Geocoding large population-level administrative datasets at highly resolved spatial scales

Trans GIS. 2014 Aug;18(4):586-603. doi: 10.1111/tgis.12052.

Abstract

Using geographic information systems to link administrative databases with demographic, social, and environmental data allows researchers to use spatial approaches to explore relationships between exposures and health. Traditionally, spatial analysis in public health has focused on the county, zip code, or tract level because of limitations to geocoding at highly resolved scales. Using 2005 birth and death data from North Carolina, we examine our ability to geocode population-level datasets at three spatial resolutions - zip code, street, and parcel. We achieve high geocoding rates at all three resolutions, with statewide street geocoding rates of 88.0% for births and 93.2% for deaths.

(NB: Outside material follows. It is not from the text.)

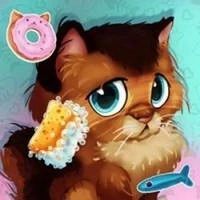 kitty_playground_deco ゲーム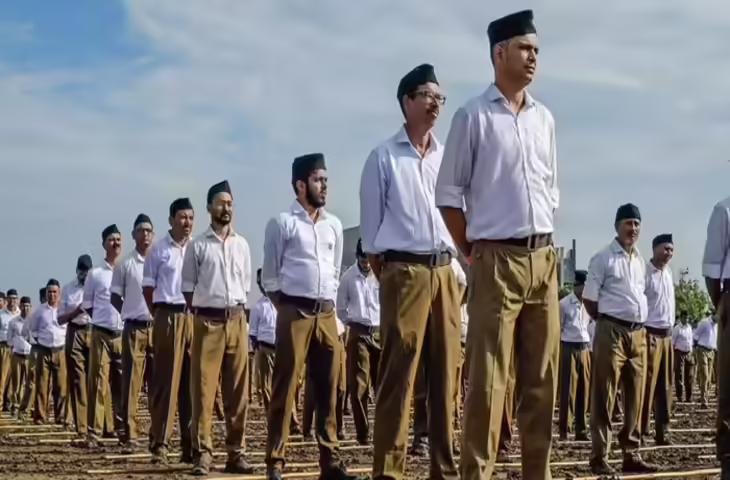 आरएसएस की 100 साल की यात्रा: नागपुर से पूरे देश में प्रभाव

We observe differences in geocoding rates across demographics and health outcomes, with lower geocoding rates in disadvantaged populations and the most dramatic differences occurring across the urban-rural spectrum. Our results suggest highly resolved spatial data architectures for population-level datasets are viable through geocoding individual street addresses. We recommend routinely geocoding administrative datasets to the highest spatial resolution feasible, allowing public health researchers to choose the spatial resolution used in analysis based on an understanding of the spatial dimensions of the health outcomes and exposures being investigated. Such research, however, must acknowledge how disparate geocoding success across subpopulations may affect findings.

Keywords: Birth record; Death record; Geocoding; Spatial resolution.